* **What is required**
From the line that contains "Mermaid Dress" to the last line of the entries, set down each line exactly as written, both ends included, with nothing else.

(Records drawn from a dataset)
- - - -
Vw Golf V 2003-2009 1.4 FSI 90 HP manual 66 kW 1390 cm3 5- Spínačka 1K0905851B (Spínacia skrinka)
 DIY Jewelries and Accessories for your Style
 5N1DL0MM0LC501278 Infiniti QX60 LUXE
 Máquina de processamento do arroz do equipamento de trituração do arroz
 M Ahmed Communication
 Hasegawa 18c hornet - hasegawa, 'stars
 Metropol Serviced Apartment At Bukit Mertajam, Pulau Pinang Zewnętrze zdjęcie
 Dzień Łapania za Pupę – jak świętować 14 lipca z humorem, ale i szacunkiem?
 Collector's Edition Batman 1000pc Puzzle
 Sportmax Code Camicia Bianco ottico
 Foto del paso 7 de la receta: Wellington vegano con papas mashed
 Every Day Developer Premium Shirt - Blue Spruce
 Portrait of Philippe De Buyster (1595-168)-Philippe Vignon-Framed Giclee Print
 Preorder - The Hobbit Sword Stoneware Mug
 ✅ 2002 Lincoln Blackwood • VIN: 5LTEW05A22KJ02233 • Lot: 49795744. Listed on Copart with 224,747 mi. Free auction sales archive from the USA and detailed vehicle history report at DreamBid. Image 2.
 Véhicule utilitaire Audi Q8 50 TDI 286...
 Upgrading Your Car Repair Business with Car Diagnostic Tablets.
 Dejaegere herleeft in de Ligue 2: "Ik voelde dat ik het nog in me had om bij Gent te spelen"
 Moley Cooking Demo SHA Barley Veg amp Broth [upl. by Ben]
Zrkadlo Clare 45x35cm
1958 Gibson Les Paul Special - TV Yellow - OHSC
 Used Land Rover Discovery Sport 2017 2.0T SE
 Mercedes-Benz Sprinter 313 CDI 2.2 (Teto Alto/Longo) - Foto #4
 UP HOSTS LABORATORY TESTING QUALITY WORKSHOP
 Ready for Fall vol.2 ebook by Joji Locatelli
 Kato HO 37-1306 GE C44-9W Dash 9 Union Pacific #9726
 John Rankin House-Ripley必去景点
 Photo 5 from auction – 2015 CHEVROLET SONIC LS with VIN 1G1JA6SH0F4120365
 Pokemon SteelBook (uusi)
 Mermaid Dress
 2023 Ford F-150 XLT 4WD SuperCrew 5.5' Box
- - - -
* **Solution for this task**
 Mermaid Dress
 2023 Ford F-150 XLT 4WD SuperCrew 5.5' Box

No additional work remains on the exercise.